Ce qui était reproché à Barack Obama, l’ex Président américain, ce n’était pas tant d’avoir ourdi la guerre contre les Libyens et le vol de leurs richesses, ni d’avoir instrumentalisé le génocide ivoirien qui avait porté l’humanoïde génocidaire Alassane Dramane Ouattarra au pouvoir, encore moins son lobbying homosexuel en Afrique ou le prosélytisme d’une sexualité contraire (censément) aux mœurs africaines, mais simplement d’avoir été le symbole nègre consentant derrière l’entreprise de perpétuation de l’asservissement du peuple noir auquel appartenait pourtant son papa kenyan. Tout le monde sait que les chefs d’état américains n’ont aucun pouvoir, ni ne sont à l’initiative des guerres hégémoniques que mènent les USA à travers le monde. Les frappes criminelles (pas vraiment) américaines en Syrie ne sont donc pas plus l’œuvre de Donald Trump aujourd’hui, que ce n’était celle des présidents Bush père et fils en Irak, d’il y a quelques années.

Il y a donc une espèce de nanisme intellectuel assumé, que de penser à un quelconque revirement de Donald Trump, tel que présenté par les médias occidentaux et cru sottement par des africains éternellement crédules, par rapports à son discours de campagne présidentielle, totalement opposé à la réalité du pouvoir américain notoirement et traditionnellement criminogène, qui fait du mépris des lois internationales, du non-respect de la souveraineté des états, de la prédation des richesses des pays les plus faibles, la base même de la politique étrangère des USA et des relations diplomatiques qu’ils entretiennent avec les autres états.

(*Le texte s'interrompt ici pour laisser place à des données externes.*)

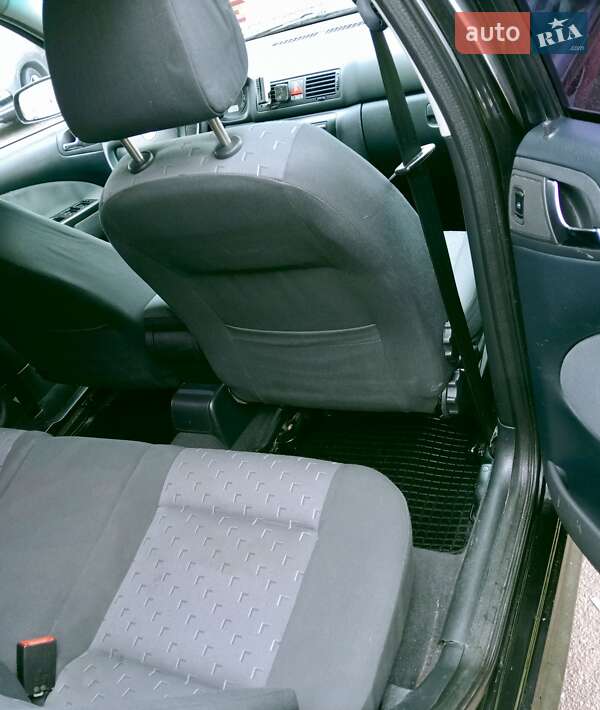 Универсал Skoda Octavia 2003 в Луцке фото 12 Универсал Skoda Octavia 2003 в Луцке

Les africains devraient donc avoir moins de problèmes avec un Président américain blanc, qui serait légitime dans la défense des intérêts de son peuple, blanc – ce qui est valable pour Marine Le Pen et le Front National en France – qu’avec un esclavagiste nègre, qui représentait encore récemment les mêmes intérêts Yankees, en combattant l’ennemi blanc avec des armes conventionnelles, que celles prêtées par leurs bourreaux séculaires. Donald Trump ne doit donc pas être mauvais pour les africains, quand les suprémacistes le décrètent, parce qu’il tiendrait un discours dissonant, et subitement bon, quand les mêmes voyous sectaires des chancelleries occidentales le décident, lorsqu’il (en fait les lobbies militaro-industriels) attaque un pays (la Syrie) qui ne lui a rien fait, aux prétextes empruntés et enfumants, que ses dirigeants auraient utilisé du gaz sur leur peuple.